[Python-Dev] len(chr(i)) = 2?

Thu Nov 25 03:17:44 CET 2010

Alexander Belopolsky writes:

 > Any non-trivial text processing is likely to be broken in presence of
 > surrogates.

If you're worried about this, write a UCS-2-producing codec that
rejects surrogates or stuffs them into the private zone of the BMP.
Maybe such a codec should be default, but so far nobody seems to want
one enough; they want UTF-16 even though they know it's wrong.<wink>

One of the things that makes the 16-bit code unit attractive to me is
that the options for working around the variable-width nature of
UTF-16 (without actually implementing conformance to UTF-16 in
internal operations!) are many.  If you use octets as code units, you
don't have such options: you have to do it right.

 > Processing surrogate pairs in python code is hard.

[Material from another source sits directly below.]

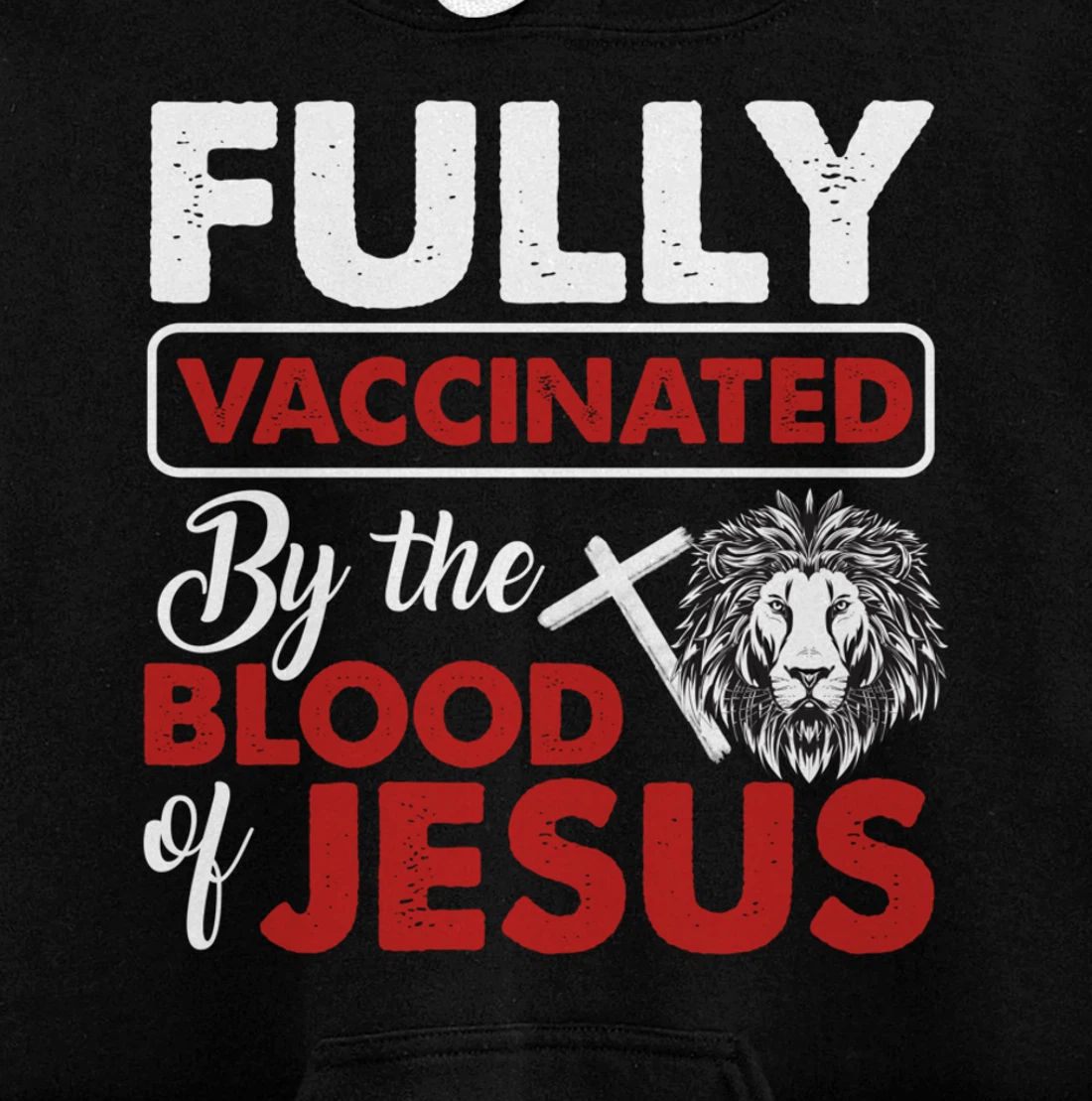 Fully Vaccinated By The Blood Of Jesus Lion God Christian Pullover Hoodie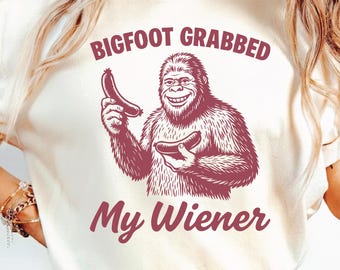 Funny Bigfoot Grabbed My Weiner SVG PNG: Sassy Sasquatch Camping Design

Sure, but as James Knight and MAL point out, so is processing compose
characters, and those errors will go undetected in your proposals,
even with a strict UCS-2 definition.  What can you do?  Banning
composing characters isn't going to fly!

 > Yes, allowing non-trusted users to specify fill character is unlikely,
 > but it is quite likely that naive slicing or iteration over string
 > units would result in
 > 
 > Traceback (most recent call last):

Naive slicing yes, but naive iteration (ie, iteration that consumes
the whole string, or up to a known character, rather than up to a
specified position) is highly unlikely to result in such a traceback.
It is precisely that property (non-BMP characters get passed through
unchanged, or ignored) that makes extension to non-BMP code points
attractive.

 > I agree again, but I feel that exposing code units rather than code
 > points at the Python string level takes us back to 2.x days of mixing
 > bytes and strings.

It does, but there's a difference.  With bytes as UTF-8, only ASCII
values have defined semantics in Unicode.  The rest have semantics
that is context-dependent, and they are frequent in any non-English
processing and many English use cases (math symbols, correctly-
oriented punctuation).  With 16-bit code units, all values have well-
defined semantics in Unicode, and non-characters are going to be
extremely rare in the vast majority of use cases.  IOW, you can think
of Python as a UCS-2 device processing characters, and let surrounding
UTF-16 processors deal with the errors.

 > Let me quote Guido circa 2001 again:
 > 
 > """
 > ... if we had wanted to use a
 > variable-lenth internal representation, we should have picked UTF-8
 > way back, like Perl did.  Moving to a UTF-16-based internal
 > representation now will give us all the problems of the Perl choice
 > without any of the benefits.
 > """
 > 
 > I don't understand what changed since 2001 that made this argument
 > invalid.

Nothing.  The internal representation of Python is UCS-2, not UTF-16.
People who want to think otherwise are kidding themselves.  The
presence of surrogates is not sufficient to call something UTF-16.
Preserving the Unicode code points through any builtin operations is a
necessary condition, and Python doesn't do that.  *However*, in my
opinion, it's not a big deal to allow surrogates in UCS-2 a la ISO
10646-1:1996.  That lets people who want a quick and dirty way to
handle BMP text that *might* (but usually won't) contain some non-BMP
characters go a long way fast.  "Although practicality beats purity."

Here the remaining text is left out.